Well-written print media seems to have become irrelevant. I spent a few minutes browsing the bargain table at our soon-to-be defunct Borders the other day. So many books, with glossy covers, glowing reviews ("...without a doubt, the finest debut high school vampire trans-gender novel I've read in the last five minutes..."), and thrillingly high hopes by the author, stand in huge piles, marked down several times, until a $25.95 hardback published by a once-great publishing house is going home with deal-seeker for $2.99. It depressed me to see so many unwanted, unread books.
We bought my mother-in-law a Kindle e-reader, and she has thoroughly enjoyed the convenience of the device. Being disabled, she is an ideal candidate for such technology, and I'm very glad that it is available to her. But contrast that to a woman in line ahead of me at the grocery store recently. Her tweenage son was annoyed because the battery in his iPhone was dead. The lady handed him her e-reader (a nice Nook, I think), and suggested he find something to read. To this helpful gesture he rudely replied that he didn't feel like using "that big pile of junk." Dealing with her son in distracted-parent mode, she ignored his mouth/attitude/ingratitude and offered her iPhone to placate the poor, neglected child (I named him Damien.)
I don't know where I'm going with this line of thinking, but for some reason these scenarios seem connected and the outcome concerns me. How can someone not like books? How can an author put his heart and soul into a project, get it published, and then see it gather dust? How can it be that the neighborhood book store has gone the way of the neighborhood soda shop or greengrocer or shoe store - a place for people to visit for the purpose of buying something tangible from a human who speaks and smiles to you, and knows something about the product you seek?

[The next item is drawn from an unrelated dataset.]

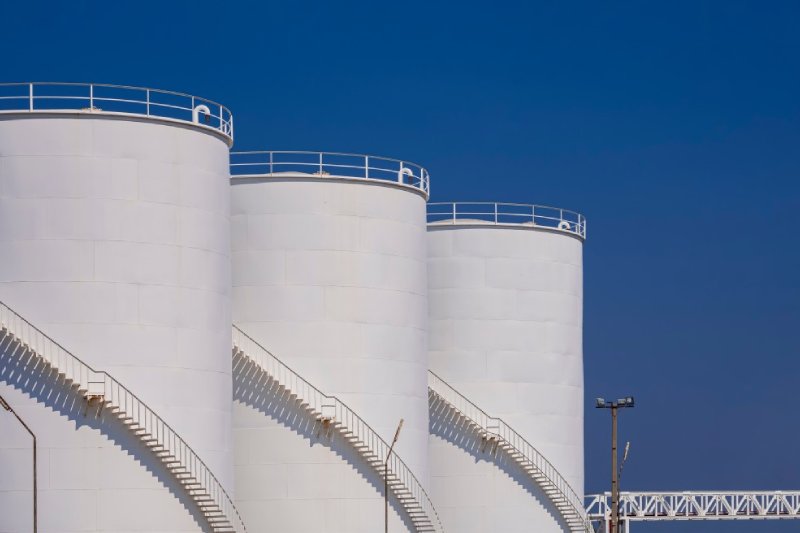 Texas oil and gas plant and refinery brokers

I suppose this melancholy is the reason I've been unwilling to publish any of my raves lately. These thoughts aren't funny. But to hold back my words unless I can be sure of causing a grin is not healthy for me - as a person or a writer. So I'm going to post some of these less-than-cheerful essays over the coming days, and I hope I don't turn anyone away with my "Debbie Downer" routine.
Yes, I'm an optimist. That hasn't changed. And I lead a blessed, mostly easy existence, for which I'm very grateful. But I'm in a mood, and I can no longer pretend that bothersome trends don't bother me. They do concern me, and I want to work through some of those concerns here.
So my future ravings may be less funny, less slapstick, less day-in-the-life silliness, but I promise I'll keep it polite.